Carry over every entry exactly as it appears in the records.

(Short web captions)
##############################
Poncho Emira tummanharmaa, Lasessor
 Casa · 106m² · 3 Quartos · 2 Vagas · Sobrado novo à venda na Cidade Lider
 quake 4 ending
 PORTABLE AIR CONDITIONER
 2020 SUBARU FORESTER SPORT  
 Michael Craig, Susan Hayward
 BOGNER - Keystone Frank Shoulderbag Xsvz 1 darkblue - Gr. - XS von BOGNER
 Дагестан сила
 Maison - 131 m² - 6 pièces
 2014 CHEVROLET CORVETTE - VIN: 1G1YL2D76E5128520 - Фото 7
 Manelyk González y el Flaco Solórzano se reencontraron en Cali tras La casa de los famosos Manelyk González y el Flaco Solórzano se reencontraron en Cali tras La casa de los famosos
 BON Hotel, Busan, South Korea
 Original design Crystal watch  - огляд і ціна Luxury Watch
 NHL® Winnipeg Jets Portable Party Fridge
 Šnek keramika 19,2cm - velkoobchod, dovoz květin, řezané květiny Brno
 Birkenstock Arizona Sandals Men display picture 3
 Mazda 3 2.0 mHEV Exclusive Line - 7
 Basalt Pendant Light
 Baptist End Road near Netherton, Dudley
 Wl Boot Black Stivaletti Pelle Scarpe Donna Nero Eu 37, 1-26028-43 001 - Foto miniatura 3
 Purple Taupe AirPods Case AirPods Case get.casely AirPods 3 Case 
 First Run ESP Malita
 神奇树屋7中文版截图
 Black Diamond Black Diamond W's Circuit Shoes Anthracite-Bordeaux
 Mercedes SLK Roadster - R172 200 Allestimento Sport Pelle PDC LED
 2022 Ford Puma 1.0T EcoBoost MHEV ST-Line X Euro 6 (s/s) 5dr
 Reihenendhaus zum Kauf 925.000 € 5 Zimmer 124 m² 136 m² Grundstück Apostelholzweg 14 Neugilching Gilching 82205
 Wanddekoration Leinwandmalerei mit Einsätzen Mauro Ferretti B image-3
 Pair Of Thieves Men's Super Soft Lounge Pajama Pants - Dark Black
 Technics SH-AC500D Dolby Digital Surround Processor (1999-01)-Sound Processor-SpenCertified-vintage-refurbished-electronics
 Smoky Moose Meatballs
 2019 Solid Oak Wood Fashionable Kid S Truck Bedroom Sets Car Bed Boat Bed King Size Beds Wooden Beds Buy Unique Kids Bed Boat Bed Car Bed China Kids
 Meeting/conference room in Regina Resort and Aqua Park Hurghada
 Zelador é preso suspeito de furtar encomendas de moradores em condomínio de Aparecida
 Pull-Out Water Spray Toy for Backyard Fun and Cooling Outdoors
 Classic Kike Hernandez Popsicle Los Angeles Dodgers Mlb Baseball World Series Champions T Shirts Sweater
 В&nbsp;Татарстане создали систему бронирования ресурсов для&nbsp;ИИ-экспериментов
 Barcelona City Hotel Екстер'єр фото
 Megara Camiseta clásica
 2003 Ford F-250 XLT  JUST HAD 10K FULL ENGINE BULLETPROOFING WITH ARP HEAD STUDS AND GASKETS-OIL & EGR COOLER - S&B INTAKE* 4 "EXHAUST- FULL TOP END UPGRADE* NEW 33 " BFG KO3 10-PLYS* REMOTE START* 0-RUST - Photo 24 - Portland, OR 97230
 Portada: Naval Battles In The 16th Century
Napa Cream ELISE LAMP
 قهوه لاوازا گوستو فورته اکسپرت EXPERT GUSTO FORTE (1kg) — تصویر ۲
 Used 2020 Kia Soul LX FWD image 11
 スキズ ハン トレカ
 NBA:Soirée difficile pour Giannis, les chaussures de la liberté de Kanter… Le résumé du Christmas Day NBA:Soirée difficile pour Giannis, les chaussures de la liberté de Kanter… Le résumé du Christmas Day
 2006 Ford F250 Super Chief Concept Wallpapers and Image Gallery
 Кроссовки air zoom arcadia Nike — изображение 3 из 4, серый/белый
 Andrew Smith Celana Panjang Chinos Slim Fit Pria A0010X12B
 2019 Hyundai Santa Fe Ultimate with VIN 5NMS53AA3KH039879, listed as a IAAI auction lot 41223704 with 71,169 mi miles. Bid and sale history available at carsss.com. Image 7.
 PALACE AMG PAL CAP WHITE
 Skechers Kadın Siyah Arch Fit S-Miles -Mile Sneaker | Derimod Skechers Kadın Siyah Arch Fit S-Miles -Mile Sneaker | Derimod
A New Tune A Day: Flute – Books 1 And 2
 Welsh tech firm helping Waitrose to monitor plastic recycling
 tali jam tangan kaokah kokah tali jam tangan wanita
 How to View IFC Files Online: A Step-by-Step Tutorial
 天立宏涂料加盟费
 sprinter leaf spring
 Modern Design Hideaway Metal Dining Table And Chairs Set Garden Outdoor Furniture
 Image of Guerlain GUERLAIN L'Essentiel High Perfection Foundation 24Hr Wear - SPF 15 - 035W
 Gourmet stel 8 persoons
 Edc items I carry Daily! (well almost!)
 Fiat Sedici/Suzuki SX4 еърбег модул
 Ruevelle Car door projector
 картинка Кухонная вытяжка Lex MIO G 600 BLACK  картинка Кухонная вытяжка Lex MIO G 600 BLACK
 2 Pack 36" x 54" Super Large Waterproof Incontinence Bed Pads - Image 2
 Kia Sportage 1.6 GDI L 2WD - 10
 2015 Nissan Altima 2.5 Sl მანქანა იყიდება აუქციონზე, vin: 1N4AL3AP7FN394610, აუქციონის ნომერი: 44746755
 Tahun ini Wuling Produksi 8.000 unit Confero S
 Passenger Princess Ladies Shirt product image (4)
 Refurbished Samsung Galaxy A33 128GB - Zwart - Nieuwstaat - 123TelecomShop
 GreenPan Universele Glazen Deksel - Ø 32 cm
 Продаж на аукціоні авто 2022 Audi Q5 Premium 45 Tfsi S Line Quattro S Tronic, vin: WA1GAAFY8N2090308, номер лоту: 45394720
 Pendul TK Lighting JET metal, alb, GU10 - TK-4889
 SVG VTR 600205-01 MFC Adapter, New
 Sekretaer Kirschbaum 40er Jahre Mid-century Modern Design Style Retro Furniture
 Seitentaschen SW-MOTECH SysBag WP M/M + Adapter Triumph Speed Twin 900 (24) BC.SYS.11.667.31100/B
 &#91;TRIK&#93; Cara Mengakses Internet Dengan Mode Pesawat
##############################
* Exercise response *
Poncho Emira tummanharmaa, Lasessor
 Casa · 106m² · 3 Quartos · 2 Vagas · Sobrado novo à venda na Cidade Lider
 quake 4 ending
 PORTABLE AIR CONDITIONER
 2020 SUBARU FORESTER SPORT  
 Michael Craig, Susan Hayward
 BOGNER - Keystone Frank Shoulderbag Xsvz 1 darkblue - Gr. - XS von BOGNER
 Дагестан сила
 Maison - 131 m² - 6 pièces
 2014 CHEVROLET CORVETTE - VIN: 1G1YL2D76E5128520 - Фото 7
 Manelyk González y el Flaco Solórzano se reencontraron en Cali tras La casa de los famosos Manelyk González y el Flaco Solórzano se reencontraron en Cali tras La casa de los famosos
 BON Hotel, Busan, South Korea
 Original design Crystal watch  - огляд і ціна Luxury Watch
 NHL® Winnipeg Jets Portable Party Fridge
 Šnek keramika 19,2cm - velkoobchod, dovoz květin, řezané květiny Brno
 Birkenstock Arizona Sandals Men display picture 3
 Mazda 3 2.0 mHEV Exclusive Line - 7
 Basalt Pendant Light
 Baptist End Road near Netherton, Dudley
 Wl Boot Black Stivaletti Pelle Scarpe Donna Nero Eu 37, 1-26028-43 001 - Foto miniatura 3
 Purple Taupe AirPods Case AirPods Case get.casely AirPods 3 Case 
 First Run ESP Malita
 神奇树屋7中文版截图
 Black Diamond Black Diamond W's Circuit Shoes Anthracite-Bordeaux
 Mercedes SLK Roadster - R172 200 Allestimento Sport Pelle PDC LED
 2022 Ford Puma 1.0T EcoBoost MHEV ST-Line X Euro 6 (s/s) 5dr
 Reihenendhaus zum Kauf 925.000 € 5 Zimmer 124 m² 136 m² Grundstück Apostelholzweg 14 Neugilching Gilching 82205
 Wanddekoration Leinwandmalerei mit Einsätzen Mauro Ferretti B image-3
 Pair Of Thieves Men's Super Soft Lounge Pajama Pants - Dark Black
 Technics SH-AC500D Dolby Digital Surround Processor (1999-01)-Sound Processor-SpenCertified-vintage-refurbished-electronics
 Smoky Moose Meatballs
 2019 Solid Oak Wood Fashionable Kid S Truck Bedroom Sets Car Bed Boat Bed King Size Beds Wooden Beds Buy Unique Kids Bed Boat Bed Car Bed China Kids
 Meeting/conference room in Regina Resort and Aqua Park Hurghada
 Zelador é preso suspeito de furtar encomendas de moradores em condomínio de Aparecida
 Pull-Out Water Spray Toy for Backyard Fun and Cooling Outdoors
 Classic Kike Hernandez Popsicle Los Angeles Dodgers Mlb Baseball World Series Champions T Shirts Sweater
 В&nbsp;Татарстане создали систему бронирования ресурсов для&nbsp;ИИ-экспериментов
 Barcelona City Hotel Екстер'єр фото
 Megara Camiseta clásica
 2003 Ford F-250 XLT  JUST HAD 10K FULL ENGINE BULLETPROOFING WITH ARP HEAD STUDS AND GASKETS-OIL & EGR COOLER - S&B INTAKE* 4 "EXHAUST- FULL TOP END UPGRADE* NEW 33 " BFG KO3 10-PLYS* REMOTE START* 0-RUST - Photo 24 - Portland, OR 97230
 Portada: Naval Battles In The 16th Century
Napa Cream ELISE LAMP
 قهوه لاوازا گوستو فورته اکسپرت EXPERT GUSTO FORTE (1kg) — تصویر ۲
 Used 2020 Kia Soul LX FWD image 11
 スキズ ハン トレカ
 NBA:Soirée difficile pour Giannis, les chaussures de la liberté de Kanter… Le résumé du Christmas Day NBA:Soirée difficile pour Giannis, les chaussures de la liberté de Kanter… Le résumé du Christmas Day
 2006 Ford F250 Super Chief Concept Wallpapers and Image Gallery
 Кроссовки air zoom arcadia Nike — изображение 3 из 4, серый/белый
 Andrew Smith Celana Panjang Chinos Slim Fit Pria A0010X12B
 2019 Hyundai Santa Fe Ultimate with VIN 5NMS53AA3KH039879, listed as a IAAI auction lot 41223704 with 71,169 mi miles. Bid and sale history available at carsss.com. Image 7.
 PALACE AMG PAL CAP WHITE
 Skechers Kadın Siyah Arch Fit S-Miles -Mile Sneaker | Derimod Skechers Kadın Siyah Arch Fit S-Miles -Mile Sneaker | Derimod
A New Tune A Day: Flute – Books 1 And 2
 Welsh tech firm helping Waitrose to monitor plastic recycling
 tali jam tangan kaokah kokah tali jam tangan wanita
 How to View IFC Files Online: A Step-by-Step Tutorial
 天立宏涂料加盟费
 sprinter leaf spring
 Modern Design Hideaway Metal Dining Table And Chairs Set Garden Outdoor Furniture
 Image of Guerlain GUERLAIN L'Essentiel High Perfection Foundation 24Hr Wear - SPF 15 - 035W
 Gourmet stel 8 persoons
 Edc items I carry Daily! (well almost!)
 Fiat Sedici/Suzuki SX4 еърбег модул
 Ruevelle Car door projector
 картинка Кухонная вытяжка Lex MIO G 600 BLACK  картинка Кухонная вытяжка Lex MIO G 600 BLACK
 2 Pack 36" x 54" Super Large Waterproof Incontinence Bed Pads - Image 2
 Kia Sportage 1.6 GDI L 2WD - 10
 2015 Nissan Altima 2.5 Sl მანქანა იყიდება აუქციონზე, vin: 1N4AL3AP7FN394610, აუქციონის ნომერი: 44746755
 Tahun ini Wuling Produksi 8.000 unit Confero S
 Passenger Princess Ladies Shirt product image (4)
 Refurbished Samsung Galaxy A33 128GB - Zwart - Nieuwstaat - 123TelecomShop
 GreenPan Universele Glazen Deksel - Ø 32 cm
 Продаж на аукціоні авто 2022 Audi Q5 Premium 45 Tfsi S Line Quattro S Tronic, vin: WA1GAAFY8N2090308, номер лоту: 45394720
 Pendul TK Lighting JET metal, alb, GU10 - TK-4889
 SVG VTR 600205-01 MFC Adapter, New
 Sekretaer Kirschbaum 40er Jahre Mid-century Modern Design Style Retro Furniture
 Seitentaschen SW-MOTECH SysBag WP M/M + Adapter Triumph Speed Twin 900 (24) BC.SYS.11.667.31100/B
 &#91;TRIK&#93; Cara Mengakses Internet Dengan Mode Pesawat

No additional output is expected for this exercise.